Food Trucks Becoming Increasingly Popular With Consumers And Aspiring Restaurateurs
Written by Ken Gaebler
National Restaurant Associations says that 19 percent of fast casual restaurants are either very or somewhat likely to launch a food truck in the next two years.
The food truck concept is one of the fastest growing trends in food service. Inspired by the culinary diversity that exists across the food truck industry, thousands of aspiring restaurant owners are jumping on the mobile food service bandwagon--launching operations at a fraction of the cost it would take to start a traditional restaurant.
And first-time restaurateurs aren't the only ones who are looking to cash in on food truck trends. According the National Restaurant Association (NRA), 19 percent of fast casual restaurants say that they are likely to launch a food truck within the next two years.
But whether you're an established food service business owner or an aspiring restaurateur, the NRA offers several tips to help get your food truck off to a strong start.
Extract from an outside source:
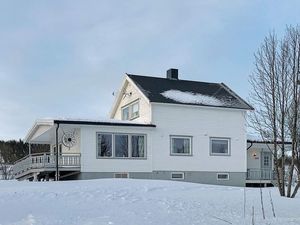 Ferienhaus für 9 Personen (194 m²) in Svensby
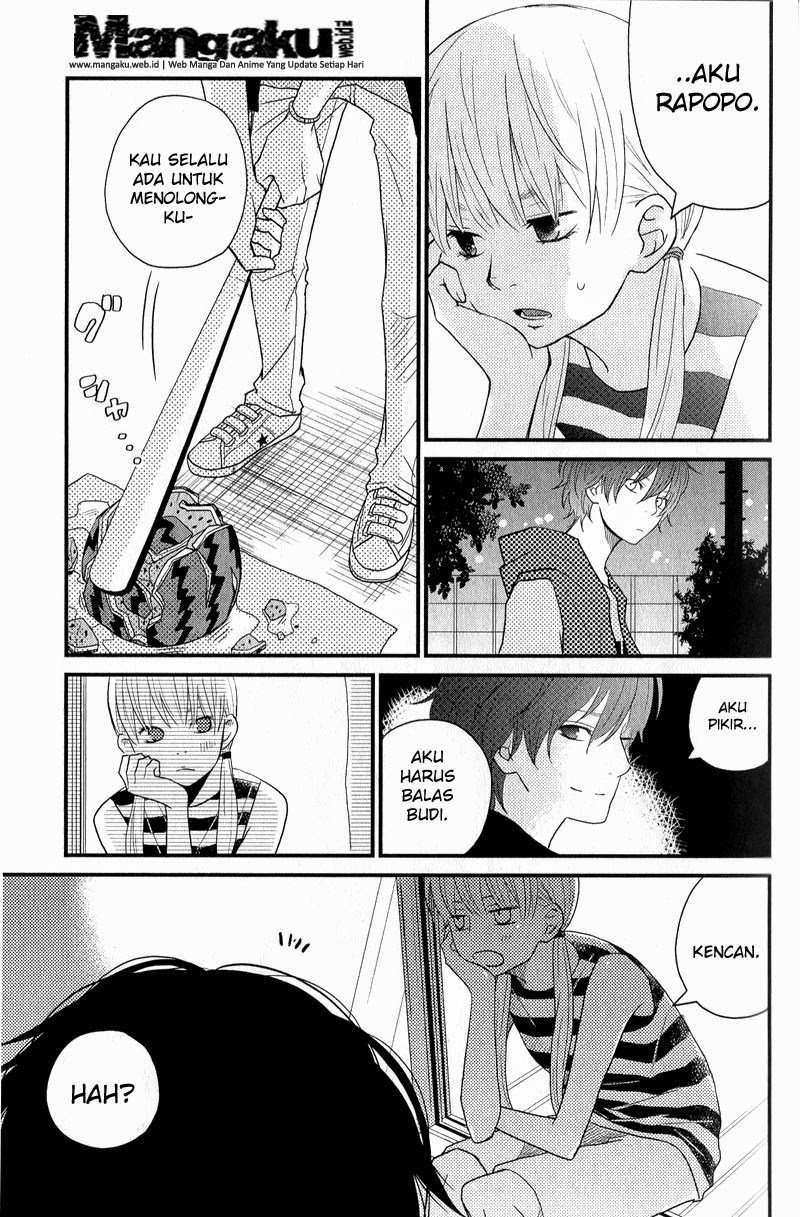 Tonari No Kaibutsu Kun Chapter 06 page 36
- Understand the risks. Food trucks create a new set of opportunities and challenges. Bad weather, mechanical breakdowns and other events can jeopardize your profitability, so it's important to have a clear understanding of the risks before you invest.
- Research laws and regulations. Food trucks are subject to zoning and regulations that are different for each municipality. Research the permit requirements and laws in your area as part of the planning process.
- Focus on a limited menu. There isn't much space for food prep and storage in a typical food truck, so you'll want to focus on a limited menu that allows you to quickly serve up a small selection of high quality dishes to your customers.
- Consider a trailer. Pull-behind trailers are less expensive than food trucks and have fewer liability issues. If it's viable, you might want to think about housing your operation in a trailer rather than customizing a motorized vehicle.
- Leverage stationary space. If you have a brick-and-mortar establishment, use it to do prep work and other activities that are difficult to perform in a truck. If you don't have a brick-and-mortar restaurant, consider doing prep work from your home or an area that meets food safety requirements.
Many would-be restaurant owners use their food trucks as stepping stones to starting a restaurant. Although many of the initial requirements are the same, future restaurant owners should incorporate the idea of eventually owning a brick-and-mortar establishment into their food truck business plan.